[本文]

国・地域名:
ドイツ
元記事の言語:
ドイツ語
公開機関:
ドイツ研究振興協会(DFG)
元記事公開日:
2026/04/29
抄訳記事公開日:
2026/06/03

ドイツ研究振興協会が提言 ドイツ研究データインフラストラクチャ恒久化に年1.15億ユーロが必要

DFG-Präsidium legt Positionspapier zur Zukunft der NFDI vor

本文:

(2026年4月29日付、ドイツ研究振興協会(DFG)の標記発表の概要は以下のとおり)

学術界のニーズに沿ってドイツ研究データインフラストラクチャ(NFDI)の恒久化と発展を図るためには、毎年最低1億1,500万ユーロが必要となる。
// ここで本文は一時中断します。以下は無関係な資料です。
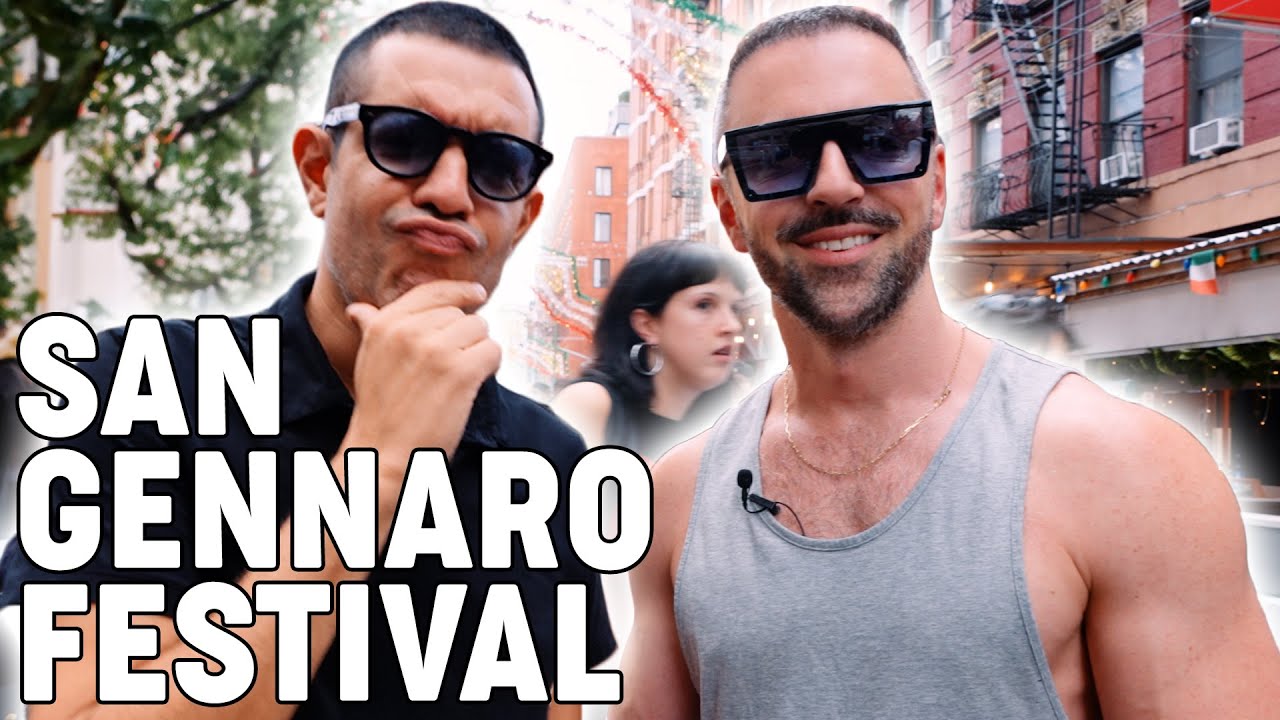 Matteo Lane Goes To Italian Festival With Francesco DeCarlo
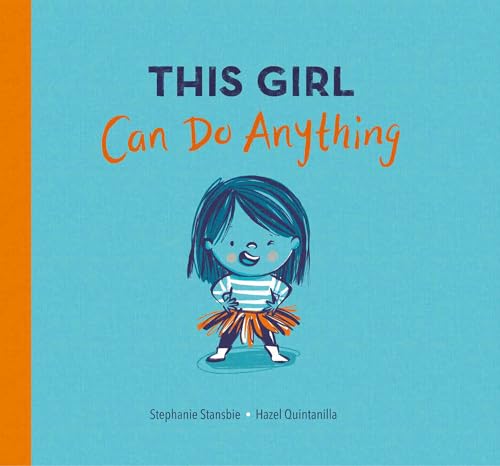 Book cover with illustration of a smiling girl with dark hair.
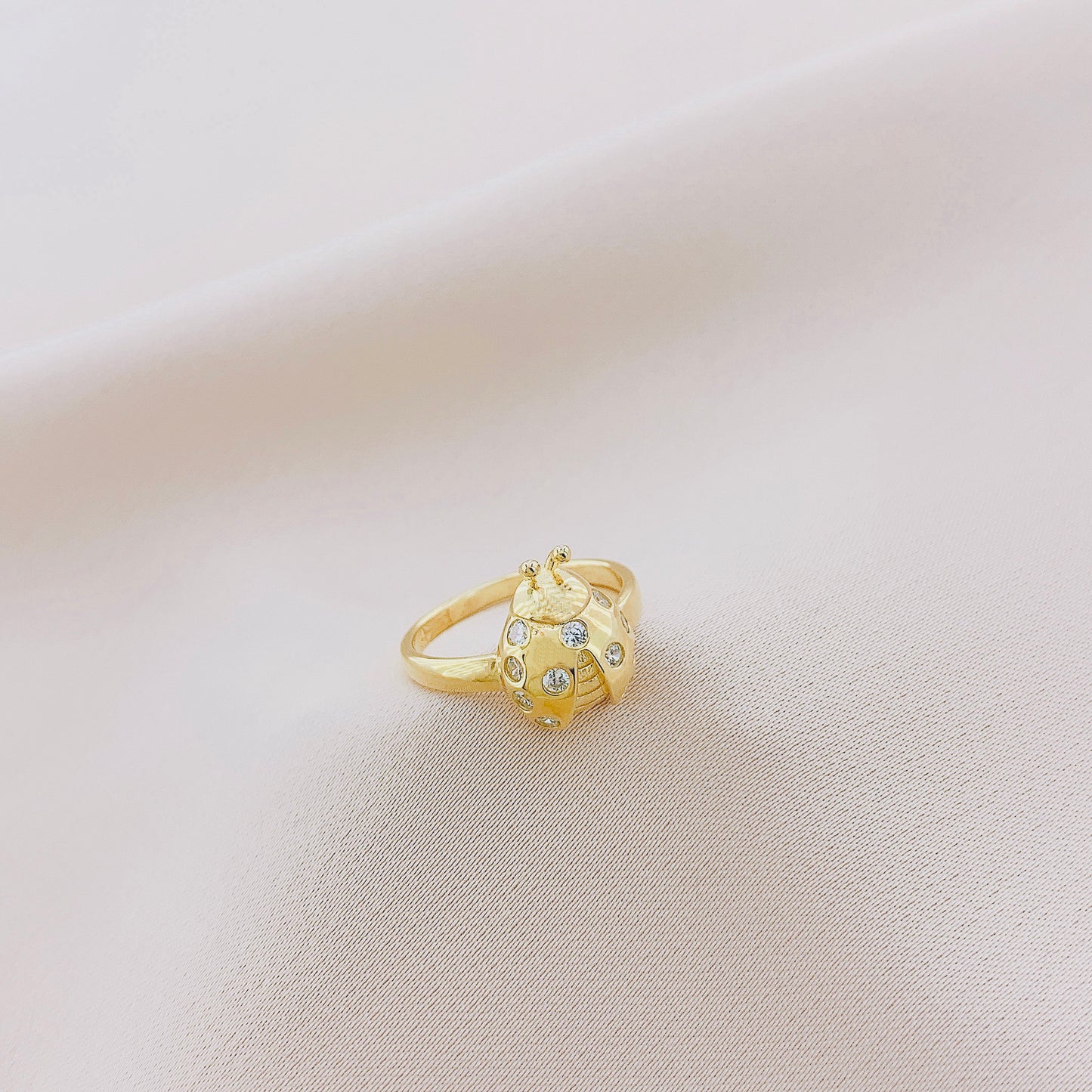 Women's Fashion Animal Ladybug CZ Ring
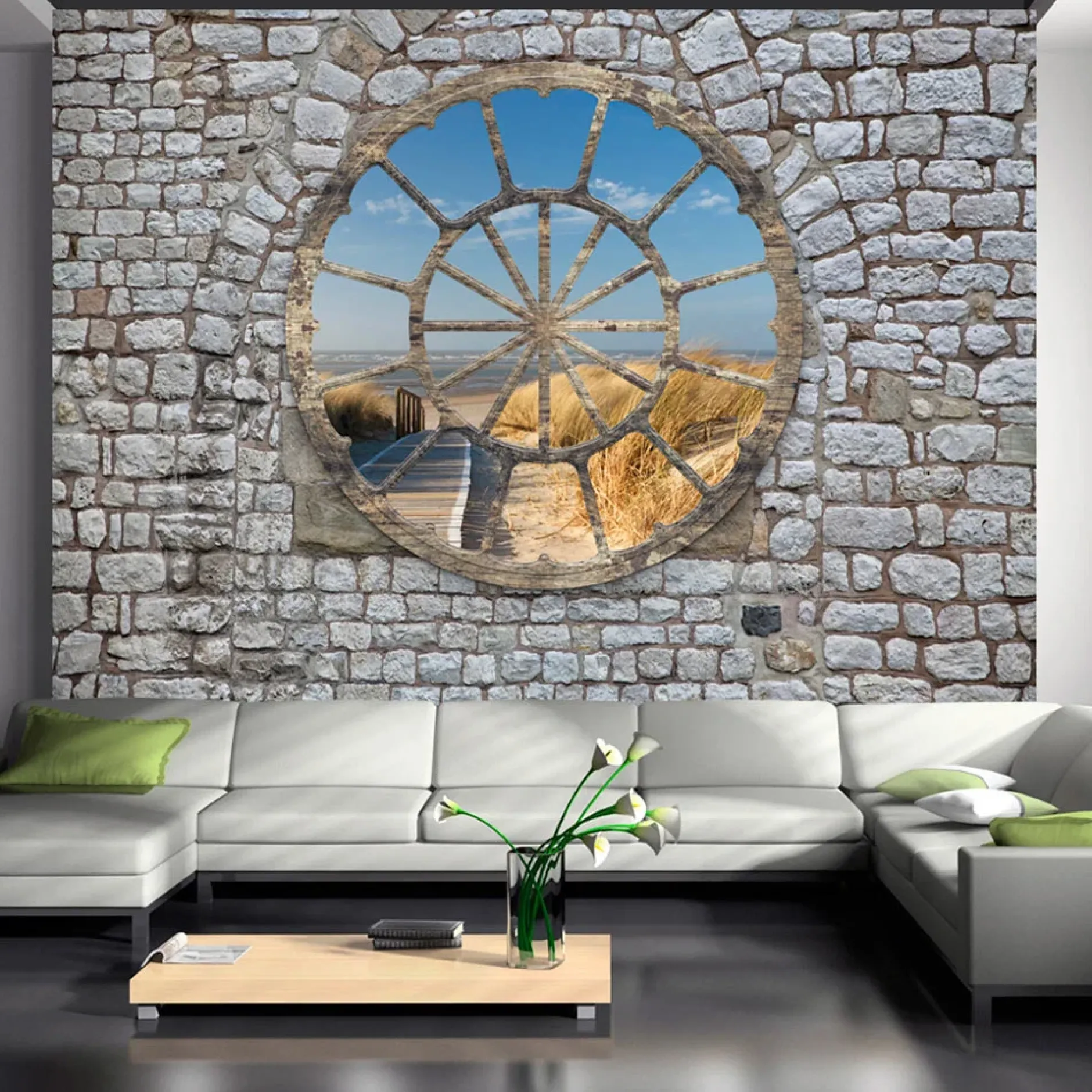 Selbstklebende Tapete 'Glimpse of the Sea'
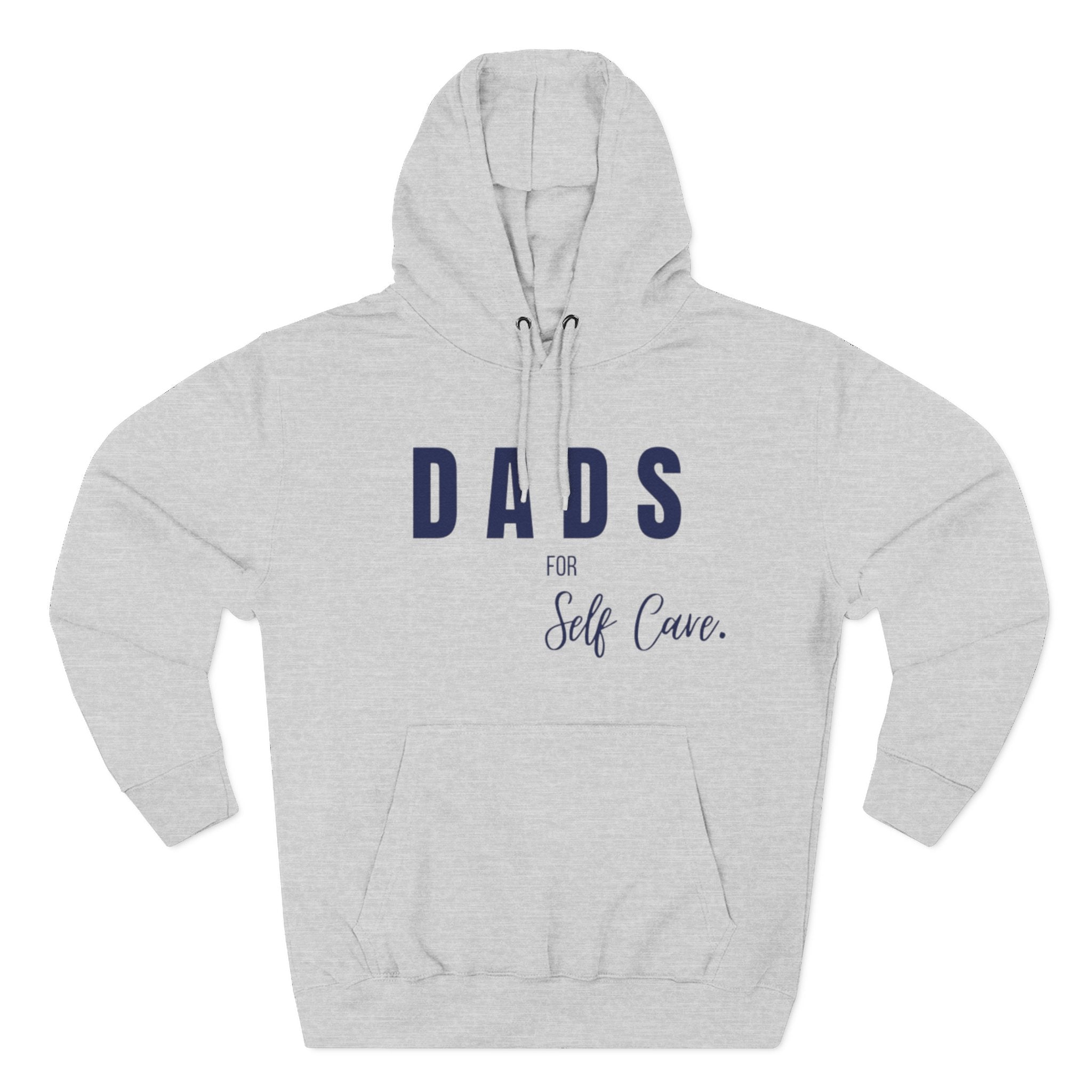 Dads Self-Care Fleece Hoodie | Cozy Gift for Fathers | Perfect for Dad's Day, Birthdays, Relaxation, Family Time, Casual Wear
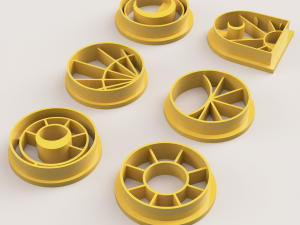 MOON POLYMER CLAY CUTTER 3D Print Model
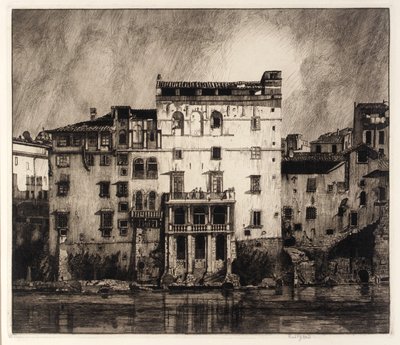 Vieilles maisons sur le Tibre - Frederick G. Hall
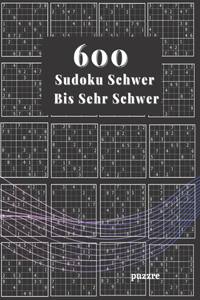 600 Sudoku Schwer Bis Sehr Schwer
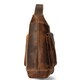 Мужская винтажная сумка через плечо Vintage 14782 Коричневая фото
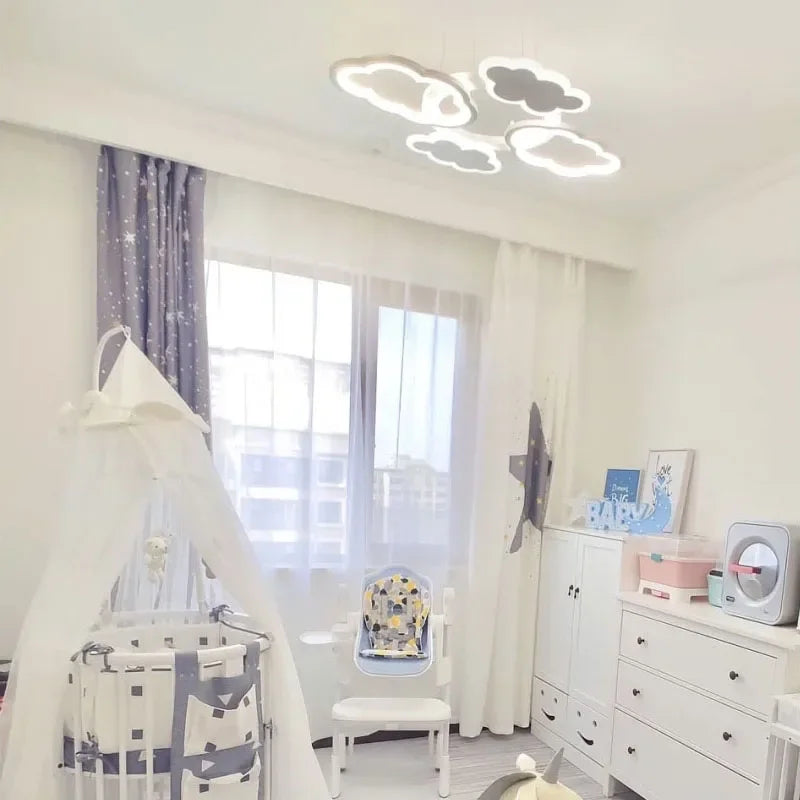 Plafonnier LED suspendu en forme de nuage - vue 6 sur 14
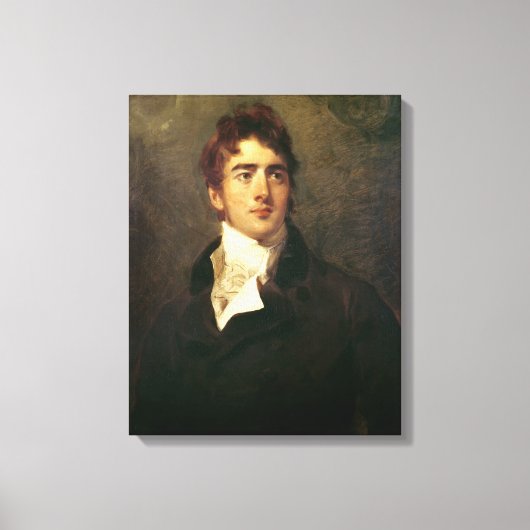 William Lamb, 2. Viscount Melbourne Leinwanddruck (Vorderseite)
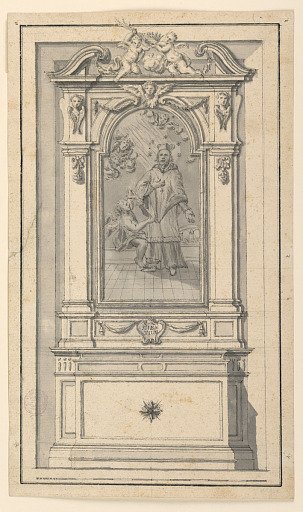Project for the elevation of an altar
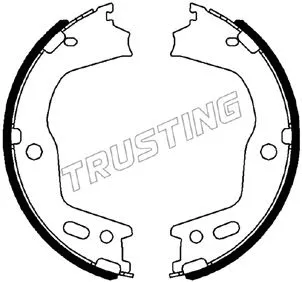 Brake Shoe Set, parking brake (046.226)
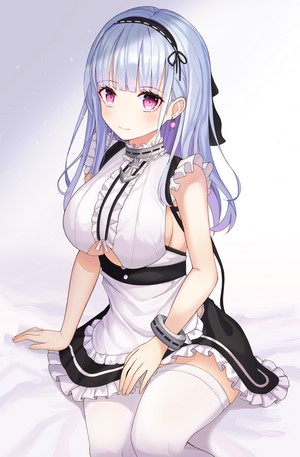 Dido from Azur Lane in a maid outfit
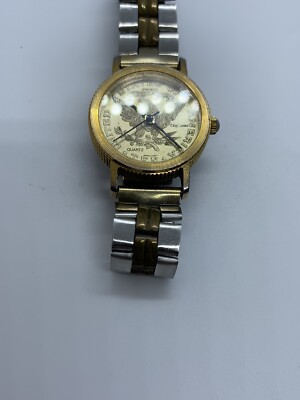 Oleg Cassini Ten Dollar Gold Tone Coin Womens Watch. Oleg cassini gold tone - Gem main image 3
NFDIの今後についての連邦政府と州の合同科学会議(GWK)における協議を見据え、DFG執行部はプログラムの継続的で、ニーズに即したさらなる発展を求めるポジションペーパーを公表した。それによればNFDIは先ず、ドイツ国内における関係者、専門分野、組織間の連携を確実なものとしなければならない。それとともに、NFDIの組織体制を通じ、欧州および国際的な接続性も強化・定着させる必要がある。DFG会長のベッカー教授は、「近年、DFGがNFDIコンソーシアムの申請に対する学術主導の審査と評価を通じた経験に基づけば、あらゆる改革過程においてコミュニティのニーズを念頭に置くことが不可欠だ。その際、学術主導でコミュニティ駆動型というNFDIの性格を維持すべきだ」と語った。

DFG執行部はさらに、安定したインフラの確保を求めている。将来のNFDIの成功の鍵は十分な資金確保である。DFGの試算によれば、恒久化の枠組みで毎年少なくとも1億1,500万ユーロが必要となる。この資金は、インフラとサービスの運用、発展、イノベーションのための費用である。このような投資が必要な理由は、人工知能(AI)分野の急速な発展、地政学的な緊張、民間事業者への大きな依存という現状に対して、レジリエントで、可能な限り欧州レベルで実現される主権的なデータ基盤が必要となっているためである。

GWKにおける審議の基盤は、2025年7月に公表されたNFDIの構造評価に関する学術審議会の報告書である。学術審議会は、恒久化に加え、より集中化したガバナンスの確立も勧告した。それだけでなく、NFDIのイノベーションと発展を、DFGが管理するイノベーション・プログラムを通じてプロジェクト形式で支援することも提案されている。

2029年以降の新たな連邦・州合意において、NFDIの将来の組織形態のような未解決の法律上の課題は、将来の財務処理と資金配分を考慮しつつ慎重に検討・明確化される必要がある。ベッカーDFG会長は、「有能な移行チームの設置が急務だと考えている。チームは、主要な関係者すべての代表を集め、新たな目標構造に向けた各段階を明確に定義し、研究関連サービスのニーズに即した運営に向けた具体的な筋道を開くべきだ」と述べた。